▶ _Records_
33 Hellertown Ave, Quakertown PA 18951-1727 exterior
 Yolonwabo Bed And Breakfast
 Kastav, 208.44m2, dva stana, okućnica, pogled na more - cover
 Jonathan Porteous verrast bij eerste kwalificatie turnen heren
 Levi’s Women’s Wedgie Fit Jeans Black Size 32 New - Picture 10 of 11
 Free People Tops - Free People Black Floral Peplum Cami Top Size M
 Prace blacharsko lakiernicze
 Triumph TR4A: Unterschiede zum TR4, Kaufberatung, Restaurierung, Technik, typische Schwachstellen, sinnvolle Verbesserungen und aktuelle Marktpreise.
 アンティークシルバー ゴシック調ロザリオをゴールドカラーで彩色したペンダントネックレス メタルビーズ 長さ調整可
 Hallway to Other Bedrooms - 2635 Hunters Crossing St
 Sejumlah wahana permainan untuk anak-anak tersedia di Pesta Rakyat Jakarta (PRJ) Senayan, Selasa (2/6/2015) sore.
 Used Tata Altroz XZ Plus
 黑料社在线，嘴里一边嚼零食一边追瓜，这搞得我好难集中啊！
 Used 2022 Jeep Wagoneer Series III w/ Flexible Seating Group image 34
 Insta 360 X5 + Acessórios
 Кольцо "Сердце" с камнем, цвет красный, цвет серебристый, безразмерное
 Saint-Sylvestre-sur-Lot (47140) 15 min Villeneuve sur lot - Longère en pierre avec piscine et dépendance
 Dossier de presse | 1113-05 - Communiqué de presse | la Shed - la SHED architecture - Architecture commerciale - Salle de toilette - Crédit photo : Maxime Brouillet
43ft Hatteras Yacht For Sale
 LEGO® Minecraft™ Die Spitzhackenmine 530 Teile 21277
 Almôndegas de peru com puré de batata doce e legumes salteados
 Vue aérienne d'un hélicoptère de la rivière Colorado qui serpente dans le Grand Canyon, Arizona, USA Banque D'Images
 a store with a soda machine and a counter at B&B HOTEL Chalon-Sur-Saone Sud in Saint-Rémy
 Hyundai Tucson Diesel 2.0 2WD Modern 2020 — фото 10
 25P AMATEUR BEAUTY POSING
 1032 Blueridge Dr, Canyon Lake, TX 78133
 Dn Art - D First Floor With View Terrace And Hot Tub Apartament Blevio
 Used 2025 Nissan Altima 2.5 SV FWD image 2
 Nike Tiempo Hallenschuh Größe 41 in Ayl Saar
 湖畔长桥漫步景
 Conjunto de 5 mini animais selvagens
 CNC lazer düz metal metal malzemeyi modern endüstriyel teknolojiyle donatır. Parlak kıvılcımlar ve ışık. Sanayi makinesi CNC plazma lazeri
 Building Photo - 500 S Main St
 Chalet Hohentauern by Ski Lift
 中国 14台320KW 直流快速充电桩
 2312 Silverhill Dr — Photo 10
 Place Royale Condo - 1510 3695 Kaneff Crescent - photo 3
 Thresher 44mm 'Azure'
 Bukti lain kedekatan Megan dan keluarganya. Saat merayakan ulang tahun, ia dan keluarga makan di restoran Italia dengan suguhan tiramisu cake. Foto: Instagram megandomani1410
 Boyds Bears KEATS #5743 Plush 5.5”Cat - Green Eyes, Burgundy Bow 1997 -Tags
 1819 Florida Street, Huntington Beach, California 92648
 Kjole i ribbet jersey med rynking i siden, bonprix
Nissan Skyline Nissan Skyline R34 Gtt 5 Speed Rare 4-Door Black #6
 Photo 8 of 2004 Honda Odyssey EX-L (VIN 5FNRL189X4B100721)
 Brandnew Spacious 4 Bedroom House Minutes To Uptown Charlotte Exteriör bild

▶ _Task to complete_
Extract from the records above the lines from the one containing "Used Tata Altroz XZ Plus" to the one containing "25P AMATEUR BEAUTY POSING", both lines included, exactly as they appear and with nothing else.

▶ _Result for this exercise_
 Used Tata Altroz XZ Plus
 黑料社在线，嘴里一边嚼零食一边追瓜，这搞得我好难集中啊！
 Used 2022 Jeep Wagoneer Series III w/ Flexible Seating Group image 34
 Insta 360 X5 + Acessórios
 Кольцо "Сердце" с камнем, цвет красный, цвет серебристый, безразмерное
 Saint-Sylvestre-sur-Lot (47140) 15 min Villeneuve sur lot - Longère en pierre avec piscine et dépendance
 Dossier de presse | 1113-05 - Communiqué de presse | la Shed - la SHED architecture - Architecture commerciale - Salle de toilette - Crédit photo : Maxime Brouillet
43ft Hatteras Yacht For Sale
 LEGO® Minecraft™ Die Spitzhackenmine 530 Teile 21277
 Almôndegas de peru com puré de batata doce e legumes salteados
 Vue aérienne d'un hélicoptère de la rivière Colorado qui serpente dans le Grand Canyon, Arizona, USA Banque D'Images
 a store with a soda machine and a counter at B&B HOTEL Chalon-Sur-Saone Sud in Saint-Rémy
 Hyundai Tucson Diesel 2.0 2WD Modern 2020 — фото 10
 25P AMATEUR BEAUTY POSING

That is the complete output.